Please set the lines down again exactly, from the top of the entries through the line that contains "Claude Monet Painting".
◆ ◆ ◆
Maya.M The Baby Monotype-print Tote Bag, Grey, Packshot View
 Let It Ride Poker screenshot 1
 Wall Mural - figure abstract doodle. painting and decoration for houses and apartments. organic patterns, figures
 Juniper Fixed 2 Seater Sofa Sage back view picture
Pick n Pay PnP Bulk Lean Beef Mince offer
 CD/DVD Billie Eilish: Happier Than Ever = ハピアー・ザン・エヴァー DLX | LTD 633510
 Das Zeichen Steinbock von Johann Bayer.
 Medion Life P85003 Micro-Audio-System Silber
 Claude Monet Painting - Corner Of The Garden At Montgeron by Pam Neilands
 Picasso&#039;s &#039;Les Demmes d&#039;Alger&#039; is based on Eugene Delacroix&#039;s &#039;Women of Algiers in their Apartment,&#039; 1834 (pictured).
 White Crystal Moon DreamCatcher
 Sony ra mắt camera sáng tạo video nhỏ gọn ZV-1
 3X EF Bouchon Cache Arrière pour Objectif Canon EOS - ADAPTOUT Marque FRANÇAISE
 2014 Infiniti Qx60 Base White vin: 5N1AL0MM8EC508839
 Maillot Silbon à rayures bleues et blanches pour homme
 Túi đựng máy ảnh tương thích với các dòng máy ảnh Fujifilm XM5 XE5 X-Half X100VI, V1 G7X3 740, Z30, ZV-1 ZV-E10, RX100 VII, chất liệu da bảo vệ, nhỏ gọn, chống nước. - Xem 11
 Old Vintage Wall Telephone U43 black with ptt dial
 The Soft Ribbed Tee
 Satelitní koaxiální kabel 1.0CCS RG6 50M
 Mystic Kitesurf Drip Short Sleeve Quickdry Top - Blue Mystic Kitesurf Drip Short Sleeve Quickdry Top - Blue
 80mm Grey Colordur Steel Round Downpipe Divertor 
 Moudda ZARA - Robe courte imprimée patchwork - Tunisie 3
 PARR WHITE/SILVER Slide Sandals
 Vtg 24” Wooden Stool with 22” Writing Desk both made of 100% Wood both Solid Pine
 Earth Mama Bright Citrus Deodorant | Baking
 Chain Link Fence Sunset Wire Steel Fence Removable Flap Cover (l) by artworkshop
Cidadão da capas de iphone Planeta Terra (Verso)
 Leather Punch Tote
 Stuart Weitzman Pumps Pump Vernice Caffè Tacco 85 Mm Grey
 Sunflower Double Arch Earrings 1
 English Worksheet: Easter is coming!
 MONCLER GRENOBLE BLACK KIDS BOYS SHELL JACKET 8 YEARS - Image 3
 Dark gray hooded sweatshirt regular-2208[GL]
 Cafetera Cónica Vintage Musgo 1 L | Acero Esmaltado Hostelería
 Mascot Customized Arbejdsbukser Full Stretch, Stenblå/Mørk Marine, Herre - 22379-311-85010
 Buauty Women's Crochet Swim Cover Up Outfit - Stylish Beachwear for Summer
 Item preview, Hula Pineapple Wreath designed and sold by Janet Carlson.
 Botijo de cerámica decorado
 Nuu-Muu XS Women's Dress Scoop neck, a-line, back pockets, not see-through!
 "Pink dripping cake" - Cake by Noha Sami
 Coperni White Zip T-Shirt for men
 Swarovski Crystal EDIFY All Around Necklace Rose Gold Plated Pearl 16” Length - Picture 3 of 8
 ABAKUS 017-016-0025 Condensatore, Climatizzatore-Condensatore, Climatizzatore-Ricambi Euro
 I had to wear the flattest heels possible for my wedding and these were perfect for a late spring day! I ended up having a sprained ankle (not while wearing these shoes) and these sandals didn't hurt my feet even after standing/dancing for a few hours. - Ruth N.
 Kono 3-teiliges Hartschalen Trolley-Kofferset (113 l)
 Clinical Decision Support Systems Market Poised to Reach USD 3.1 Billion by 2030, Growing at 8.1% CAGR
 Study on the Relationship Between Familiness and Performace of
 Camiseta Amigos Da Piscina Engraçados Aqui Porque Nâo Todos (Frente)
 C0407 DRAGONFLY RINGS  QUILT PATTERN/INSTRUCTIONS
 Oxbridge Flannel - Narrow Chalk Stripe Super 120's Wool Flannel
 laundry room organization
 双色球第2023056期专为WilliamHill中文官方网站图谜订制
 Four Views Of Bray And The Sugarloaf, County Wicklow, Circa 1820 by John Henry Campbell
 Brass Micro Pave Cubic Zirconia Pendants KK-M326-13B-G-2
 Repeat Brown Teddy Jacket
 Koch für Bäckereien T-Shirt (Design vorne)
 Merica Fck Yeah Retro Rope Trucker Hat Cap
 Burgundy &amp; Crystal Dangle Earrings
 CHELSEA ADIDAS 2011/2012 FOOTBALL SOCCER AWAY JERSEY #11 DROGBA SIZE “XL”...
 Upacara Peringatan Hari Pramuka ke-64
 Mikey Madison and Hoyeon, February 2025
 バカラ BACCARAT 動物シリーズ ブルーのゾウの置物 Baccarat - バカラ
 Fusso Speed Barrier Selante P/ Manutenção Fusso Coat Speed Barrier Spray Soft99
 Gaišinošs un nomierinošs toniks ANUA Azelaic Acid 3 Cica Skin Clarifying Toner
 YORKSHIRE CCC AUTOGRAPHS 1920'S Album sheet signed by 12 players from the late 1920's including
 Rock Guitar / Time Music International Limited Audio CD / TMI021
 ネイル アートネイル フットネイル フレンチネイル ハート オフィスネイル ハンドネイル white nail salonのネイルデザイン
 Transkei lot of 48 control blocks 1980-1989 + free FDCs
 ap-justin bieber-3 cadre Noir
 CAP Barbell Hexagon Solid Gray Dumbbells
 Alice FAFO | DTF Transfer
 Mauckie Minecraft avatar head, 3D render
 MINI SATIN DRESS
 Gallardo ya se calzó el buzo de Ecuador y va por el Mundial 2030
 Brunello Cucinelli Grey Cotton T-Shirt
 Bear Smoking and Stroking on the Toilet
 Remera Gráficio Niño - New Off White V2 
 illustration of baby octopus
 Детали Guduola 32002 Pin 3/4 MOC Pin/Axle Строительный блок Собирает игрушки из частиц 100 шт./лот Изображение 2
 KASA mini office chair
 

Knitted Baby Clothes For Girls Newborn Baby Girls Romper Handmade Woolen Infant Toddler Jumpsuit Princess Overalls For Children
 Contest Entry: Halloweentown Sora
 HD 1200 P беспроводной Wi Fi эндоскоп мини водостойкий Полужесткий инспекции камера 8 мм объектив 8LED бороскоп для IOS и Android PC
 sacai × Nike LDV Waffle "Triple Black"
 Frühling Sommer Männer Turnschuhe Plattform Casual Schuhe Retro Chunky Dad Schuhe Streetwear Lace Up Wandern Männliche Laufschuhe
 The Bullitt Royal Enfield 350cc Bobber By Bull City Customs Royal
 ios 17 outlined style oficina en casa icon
◆ ◆ ◆
* ANSWER FOR THE TASK *
Maya.M The Baby Monotype-print Tote Bag, Grey, Packshot View
 Let It Ride Poker screenshot 1
 Wall Mural - figure abstract doodle. painting and decoration for houses and apartments. organic patterns, figures
 Juniper Fixed 2 Seater Sofa Sage back view picture
Pick n Pay PnP Bulk Lean Beef Mince offer
 CD/DVD Billie Eilish: Happier Than Ever = ハピアー・ザン・エヴァー DLX | LTD 633510
 Das Zeichen Steinbock von Johann Bayer.
 Medion Life P85003 Micro-Audio-System Silber
 Claude Monet Painting - Corner Of The Garden At Montgeron by Pam Neilands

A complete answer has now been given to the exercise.